“Si no se registra ningún contacto de interés, el Bluefin-21 continuará examinando las áreas adyacentes al radio de 10 kilómetros”, dijo el Centro de Coordinación de Agencias Conjuntas en su último comunicado

 26 abril, 2014
Imagen del Departamento de Defensa australiano que muestra al submarinista de la Marina Michael Arnold mientras revisa una zona en busca de los restos del avión de Malaysia Airlines desaparecido cerca de Perth (Australia).
Imagen del Departamento de Defensa australiano que muestra al submarinista de la Marina Michael Arnold mientras revisa una zona en busca de los restos del avión de Malaysia Airlines desaparecido cerca de Perth (Australia).

Las autoridades anunciaron la extensión de la búsqueda del avión malasio desaparecido cuando está a punto de concluir el rastreo en el área del océano Índico donde se cree que se estrelló el pasado 8 de marzo.

El vehículo no tripulado Bluefin-21 ha concluido el 95% de la búsqueda en la zona delimitada por la investigación, situada en un radio de 10 kilómetros alrededor del punto donde se detectó hace dos semanas una de las cuatro señales parecidas a las de una caja negra.

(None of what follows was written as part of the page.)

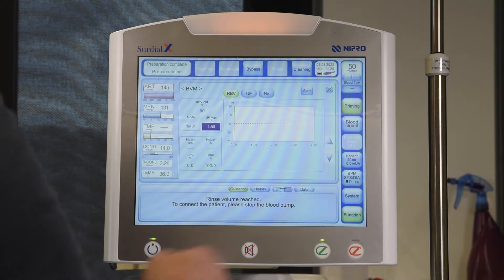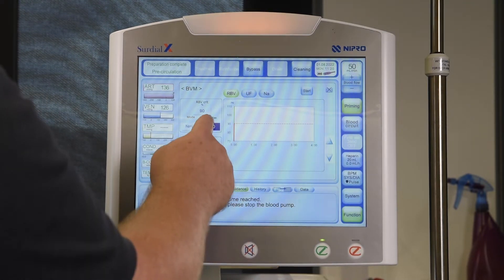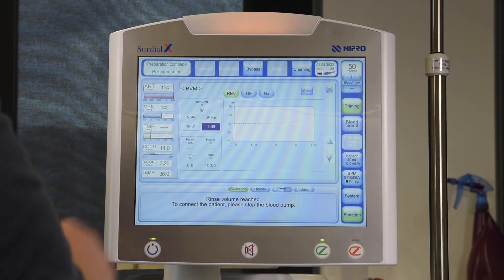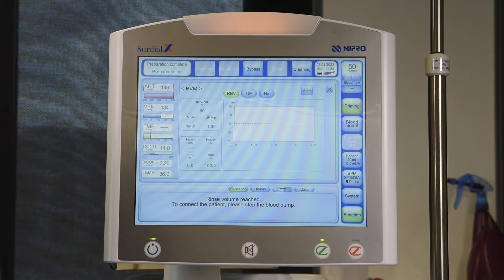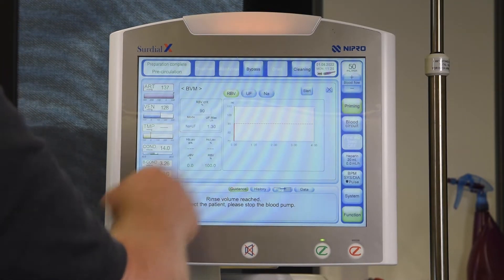To set the maximum UF rate, highlight the number. Use the arrow keys appearing on the right to change it. To confirm, touch the number again.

“Si no se registra ningún contacto de interés, el Bluefin-21 continuará examinando las áreas adyacentes al radio de 10 kilómetros”, dijo el Centro de Coordinación de Agencias Conjuntas en su último comunicado.

La Autoridad Australiana de Seguridad Marítima realiza al mismo tiempo una búsqueda visual en un área de 57.311 kilómetros cuadrados situada a 1.584 kilómetros al noroeste de Perth, en la costa oeste australiana, en la que participan 8 aviones y 11 embarcaciones.

El viernes, el vehículo tuvo que interrumpir la búsqueda momentáneamente debido a un fallo técnico en el programa, que se solucionó reiniciando el sistema interno, algo calificado como normal por las autoridades.

El vuelo MH370 de Malaysian Airlines despegó de Kuala Lumpur en la madrugada del pasado día 8 de marzo con 239 personas a bordo y tenía previsto llegar a Pekín seis horas más tarde.

El avión desapareció de las pantallas de control de radar a los 40 minutos de su despegue y cambió de rumbo en una “acción deliberada”, según las autoridades malasias, para cruzar el Estrecho de Malaca en dirección contraria a su trayecto inicial.

Viajaban a bordo 153 chinos, 50 malasios, siete indonesios, seis australianos, cinco indios, cuatro franceses, tres estadounidenses, dos neozelandeses, dos ucranianos, dos canadienses, un ruso, un holandés, un taiwanés y dos iraníes que utilizaron los pasaportes robados a un italiano y un austríaco.